Use a Four Stroke Engine
Did you know...
Studies have shown that carbureted two-stroke engines may discharge up to 20-30 percent of their fuel, unburned, into the air and water. To reduce the impact of these motorized vessels on Lake Whatcom water quality, the City of Bellingham (2006) and Whatcom County (2009) prohibited the launch and use of all carbureted two-stroke engines on Lake Whatcom.

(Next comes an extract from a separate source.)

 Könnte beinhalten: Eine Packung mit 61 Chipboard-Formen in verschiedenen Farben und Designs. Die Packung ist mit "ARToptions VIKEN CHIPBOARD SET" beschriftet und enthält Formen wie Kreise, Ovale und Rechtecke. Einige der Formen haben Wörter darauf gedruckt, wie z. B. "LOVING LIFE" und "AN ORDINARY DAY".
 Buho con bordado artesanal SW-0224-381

Conventional, carbureted two-stroke engines have been found to be the highest contributors of air and water pollution due to their design -- the intake and exhaust ports on a two-stroke engine are open at the same time during the combustion cycle. Studies conducted by the EPA indicate that conventional two-stroke engines discharge 25-30% of their fuel, unburned, into the environment, when operated at full throttle. This means that for every 10 gallons of fuel used in a conventional two-stroke, 2.5 to 3 gallons may go directly into the air and water.

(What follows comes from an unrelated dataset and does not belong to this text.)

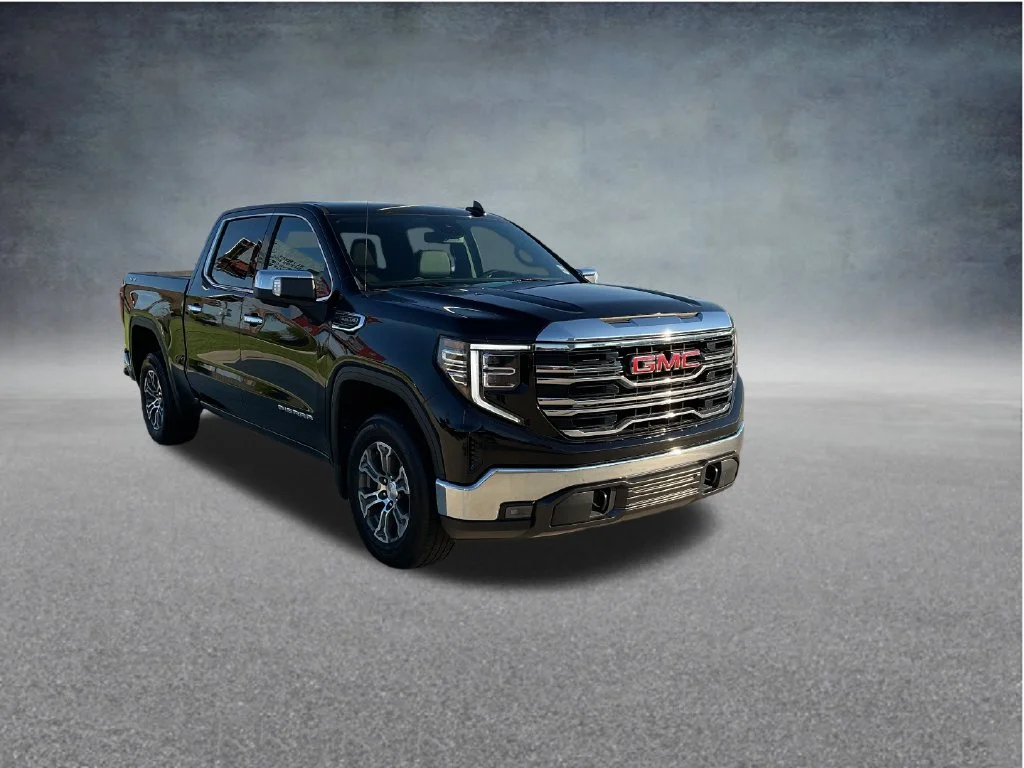 Used 2025 Black GMC SLT image 1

Luckily, conventional carbureted two-stroke engines are slowly being replaced by more efficient and less polluting four-stroke and fuel-injected two-stroke engines. These newer engines are 30-40% more fuel efficient resulting in substantial cost savings to the user.
You can help!
Know the regulations
The City and County's two-stroke regulations have been phased in over time. As of January 1, 2009 the operation of all two-stroke engine-powered watercraft on Lake Whatcom is prohibited unless the watercraft is powered by a two-stroke-powered engine that is certified and labeled as meeting the 2006 or later model year U.S. EPA emission standards. Check for the label or ask your mechanic if you are unsure whether your engine meets these requirements.
Reduce engine pollution
- Make your next boat one that does not use a gasoline engine for its main source of power, such as a sailboat, kayak, rowboat, etc.
- Use an electric motor.
- Choose a cleaner and more efficient engine when purchasing a new engine.
- Limit engine operation at full throttle.

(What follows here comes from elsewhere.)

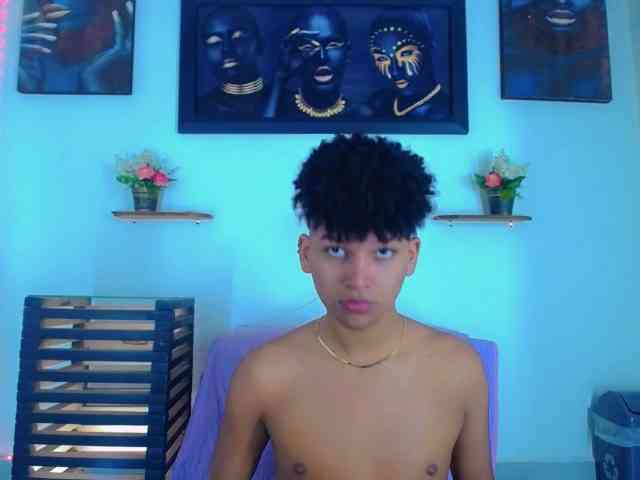 Sebastian-D Sebastian-D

- Eliminate unnecessary idling.
- Tune and maintain your engine to increase efficiency and decrease leaks.
Be responsible when fueling
- Make sure the gas tank is easily accessible.
- Take your boat or tank to a gas station. Refill oil and gas away from the water.
- Pump/pour fuel extremely slowly.
- Know your fuel tank size prior to fueling.
- Don't top off the tank -- leave room for expansion.
- Have an absorbent pad and/or fuel collar ready for drips.
- Install a fuel/air separator.
- Use a gasoline container you can handle easily and hold securely.
- Use a funnel or a spout with an automatic stop device to prevent overfilling the gas tank.